┏━━
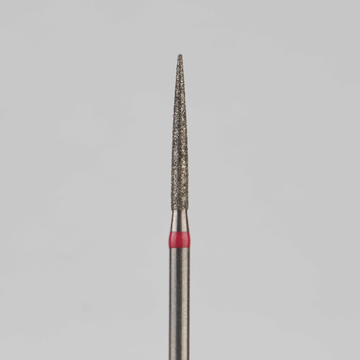 Алмазный бор турбинный стоматологический 856.314.245.115.014 «Пуля» красная насечка d=1,4 мм (5 шт) 0
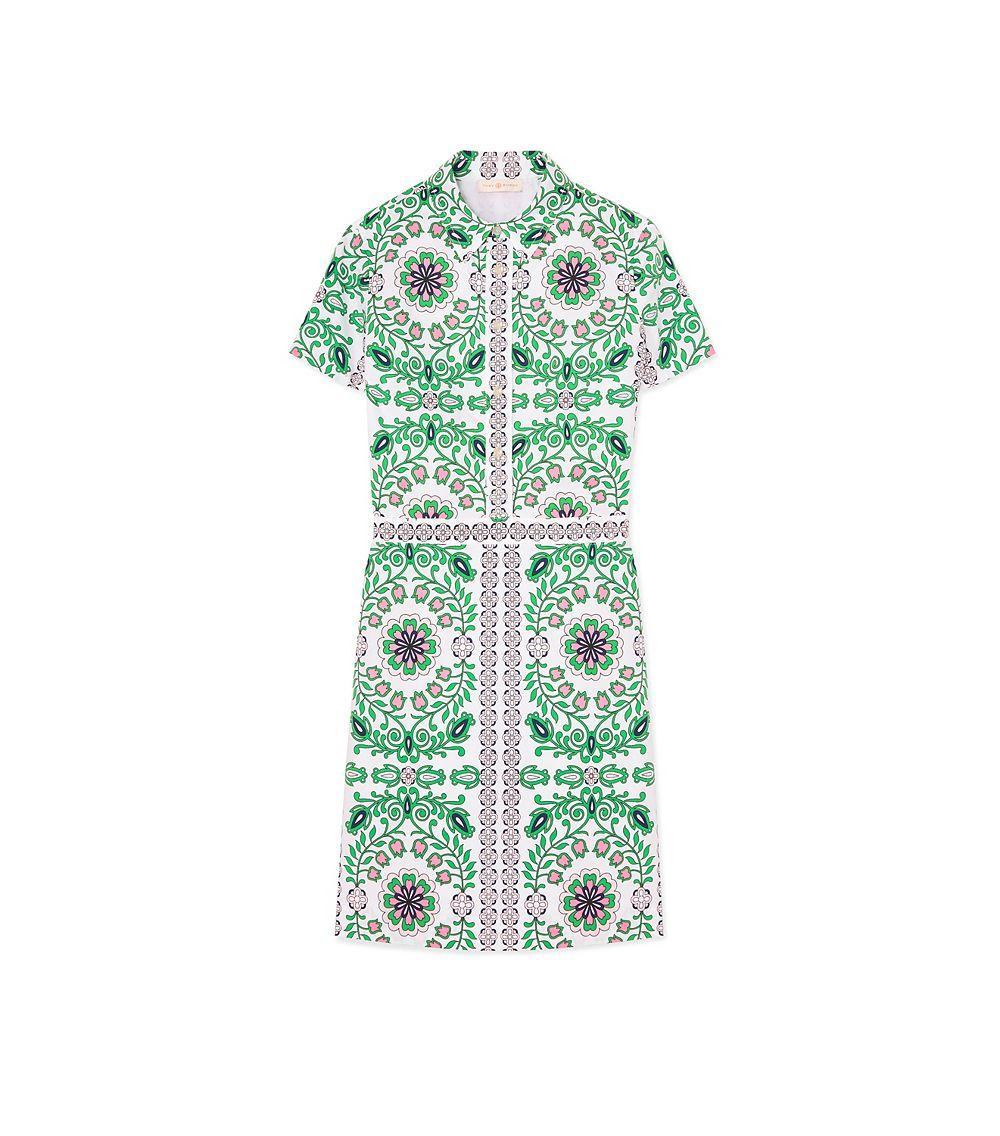 Tory Burch Port Dress 2 RARE Spring Garden Party XS POPLIN
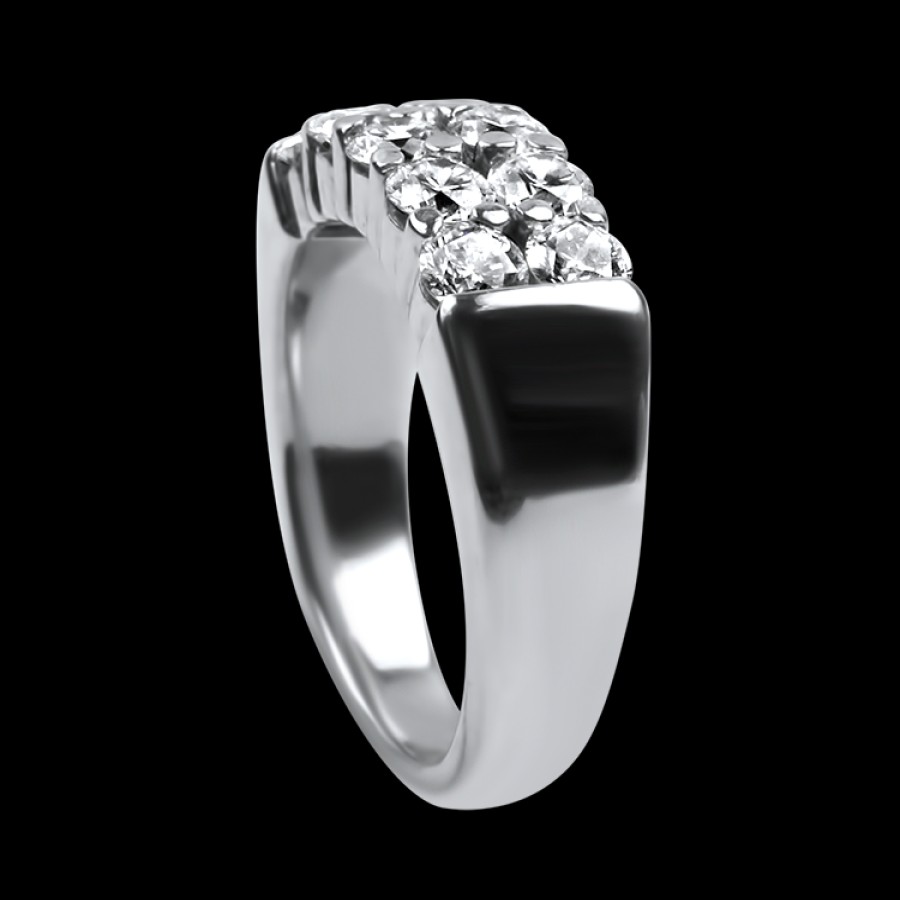 Estate Hearts on Fire | Estate 18K White Gold Hearts On Fire Diamond Band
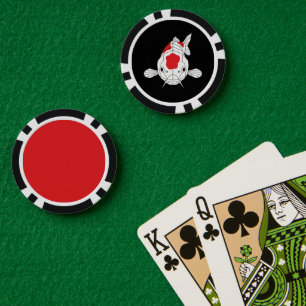 Asian Koi Geometric Art Poker Chips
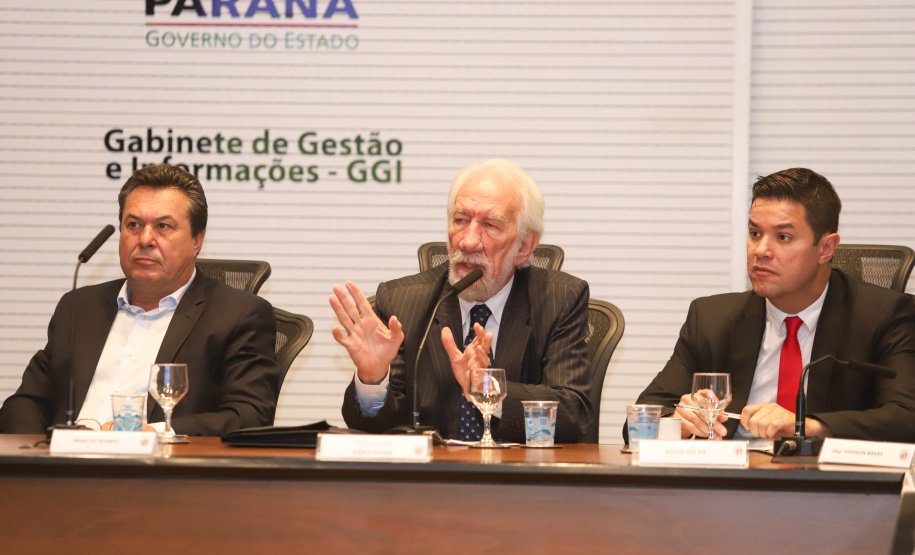 Governador em exercício Darci Piana coordena reunião com equipe de Governo.  -  Curitiba, 27/02/2019  -  Foto: Rodrigo Félix Leal/ANPr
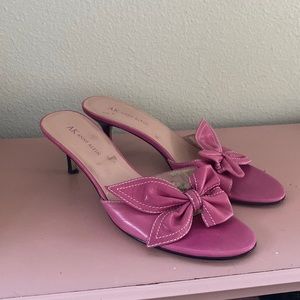Anne Klein Pink Bow Kitten Heels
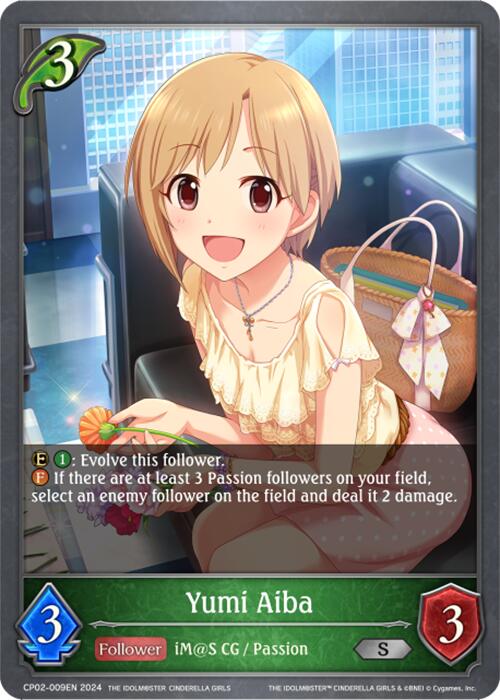 Yumi Aiba (CP02-009EN) [THE IDOLM@STER CINDERELLA GIRLS] - Bushiroad - Card Brawlers | Quebec | Canada |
┗━━
* EXERCISE REQUIREMENTS
An exact, picture-free copy of the listing above is the goal; write it out now.

* FINISHED EXERCISE
 Алмазный бор турбинный стоматологический 856.314.245.115.014 «Пуля» красная насечка d=1,4 мм (5 шт) 0
 Tory Burch Port Dress 2 RARE Spring Garden Party XS POPLIN
 Estate Hearts on Fire | Estate 18K White Gold Hearts On Fire Diamond Band
 Asian Koi Geometric Art Poker Chips
 Governador em exercício Darci Piana coordena reunião com equipe de Governo.  -  Curitiba, 27/02/2019  -  Foto: Rodrigo Félix Leal/ANPr
Anne Klein Pink Bow Kitten Heels
 Yumi Aiba (CP02-009EN) [THE IDOLM@STER CINDERELLA GIRLS] - Bushiroad - Card Brawlers | Quebec | Canada |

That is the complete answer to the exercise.